A common-size income statement is a useful financial tool in which all the line items are presented as a percentage of a base number, usually the total revenue. This type of income statement helps to identify trends and changes in different expense items over time.

It also provides a better understanding of the overall financial health of the business by highlighting areas that require attention. In contrast, a split-size income statement presents the absolute dollar amount for each line item, making it more challenging to compare and analyze the data. Therefore, companies often use common-size income statements to supplement traditional financial statements and provide a more comprehensive view of their financial performance.

This is sometimes referred to as total revenues or total sales. In a similar way to the financial ratio analysis, a common-size income statement serves a similar goal. In addition, it allows for comparable comparisons across periods, companies, and industry sectors.

Funds flow analysis

A funds flow statement, also known as a cash flow statement, is a financial document that summarizes the movement of cash and cash equivalents in and out of a business or organization over a specific time. It provides insights into the sources and uses of a company’s cash, helping investors and analysts assess its financial health and liquidity.

Cash flow analysis

Cash flow analysis helps to analyse cash and non-cash activities to ascertain net actual cash movement that happened during the year.

Put simply, it’s a process of reviewing your business’s cash inflows and outflows in order to better understand your financial health. This can be done on a monthly or yearly basis and will give you a clear picture of where your money is coming in and going out.

There are several different methods you can use to track your cash flow, but one of the simplest is to create a cash flow statement. This document summarizes your cash inflows and outflows for a specific period, which can be monthly, quarterly, or yearly.

One of the main benefits of cash flow analysis is that it can help you make better use of your working capital. By tracking your cash inflows and outflows, you can better manage your inventory levels and accounts payable, which can free up cash flow and improve your bottom line.

Ratio analysis

Ratio analysis is a financial analysis tool used to evaluate a company’s financial performance. Ratios are calculated by dividing one financial statement item by another. Financial ratio analysis can be used to assess a company’s liquidity, solvency, profitability, and efficiency.

This is the most popular and powerful tool which can be used to analyse several performance-related indicators such as sales, profitability, return on investment, share price etc.

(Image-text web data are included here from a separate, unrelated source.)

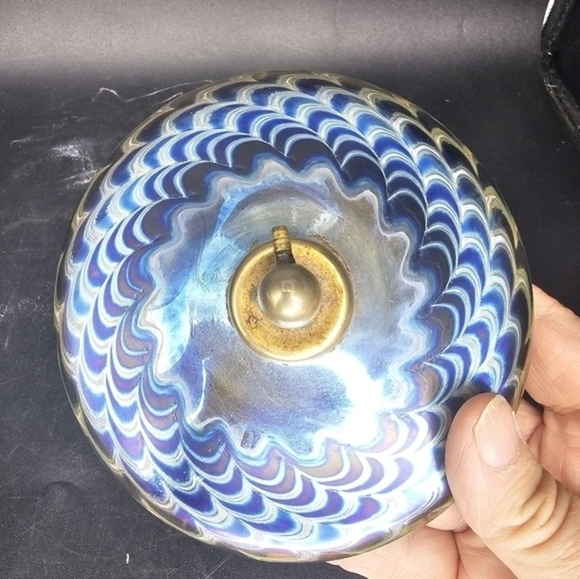 Vintage Feller pulled feather iridescent perfume bottle,‎ no atomizer - Picture 6 of 7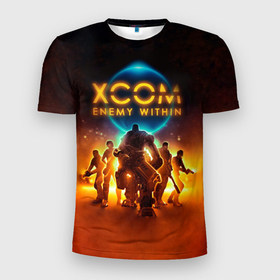 Мужская футболка 3D Slim с принтом XCOM Enemy Within в Новосибирске, 100% полиэстер с улучшенными характеристиками | приталенный силуэт, круглая горловина, широкие плечи, сужается к линии бедра | x com | xcom | xcom enemy within | икс ком | икском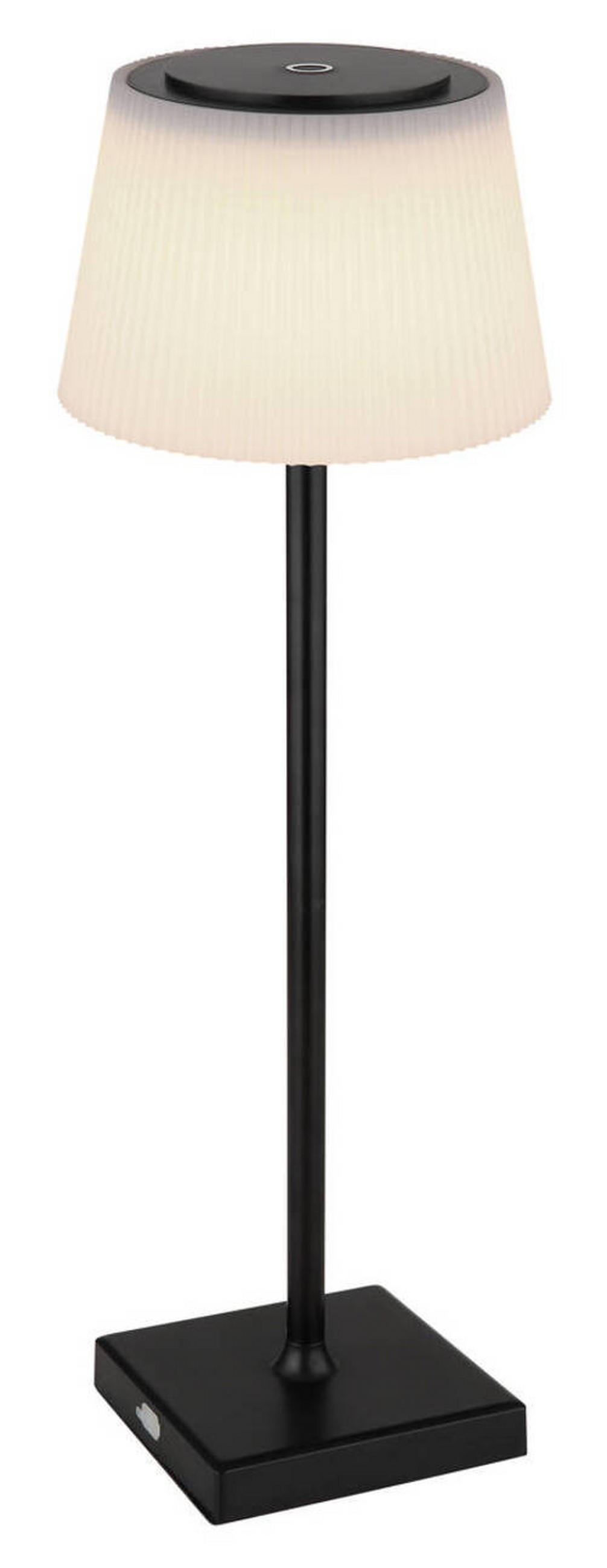 AKKU-TISCHLEUCHTE - Weiss/Schwarz, Konventionell, Kunststoff/Metall (13,1/38cm) - Globo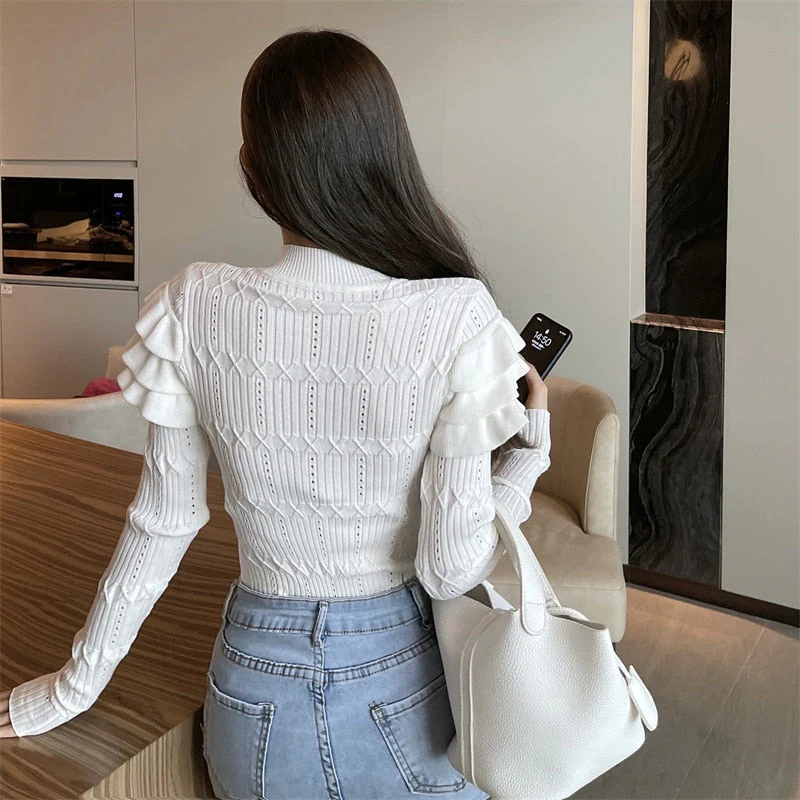 Hulianfu Full Sleeve Turtleneck Buttons Sweater Jumpers Girls Stretchy Chic Ruffles Autumn Spring Sweaters Pullovers Tops Women - Deanwangkt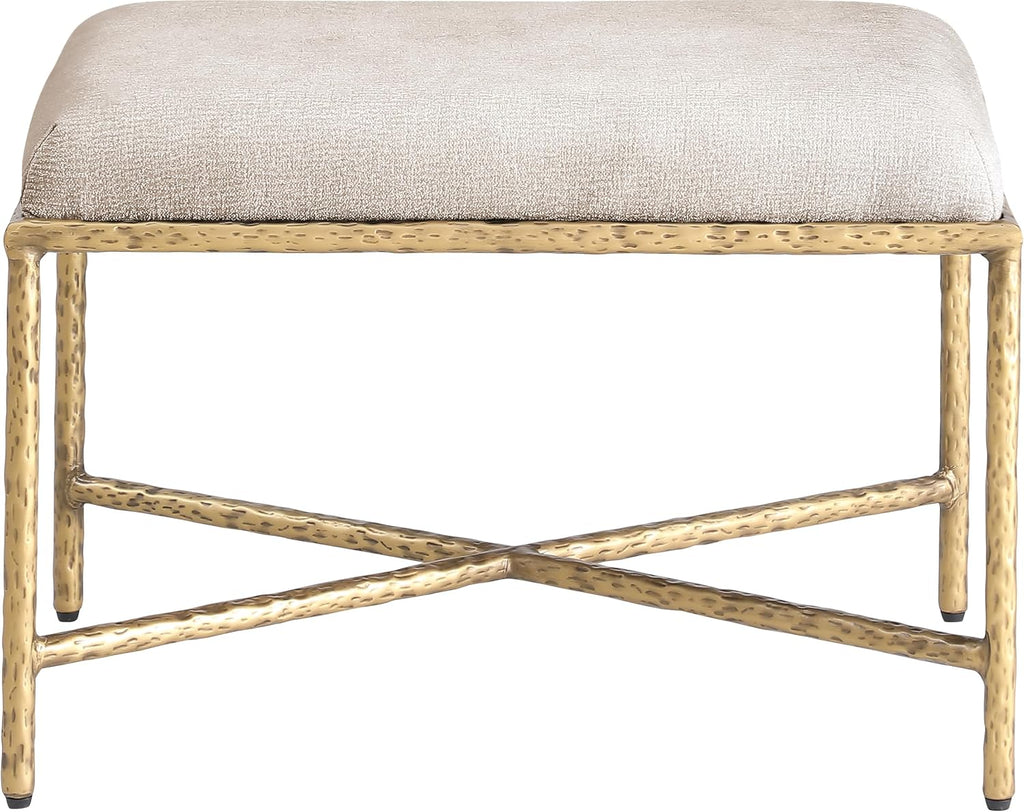 Meridian Furniture 22061Beige Valley Collection Modern | Contemporary Bench with Soft Beige Chenille Fabric, Brushed Brass Forged Iron Metal Legs and Frame, 25' W x 18' D x 18' H, Beige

Cost-volume-profits analysis

CVP analysis helps executives to determine the level of sales needed to cover fixed and variable costs. By understanding the break-even point, managers can make informed decisions regarding pricing, cost-cutting measures, and overall profitability. This technique is especially useful for small businesses and startups that are trying to establish themselves in a highly competitive market.

Profitability is conveyed to company decision-makers through the use of changes in selling prices, costs, and volume of sales (in the short term).

Conclusion

The best financial analysis technique to use will depend on your specific needs and goals. If you are looking for a quick overview of a company’s financial health, horizontal and vertical analysis may be a good place to start. If you are looking for more in-depth analysis, ratio analysis or DCF analysis may be more appropriate.

No matter which technique you choose, it is important to remember that financial analysis is not an exact science. There is always a degree of uncertainty involved, and you should never make investment decisions based solely on the results of a financial analysis.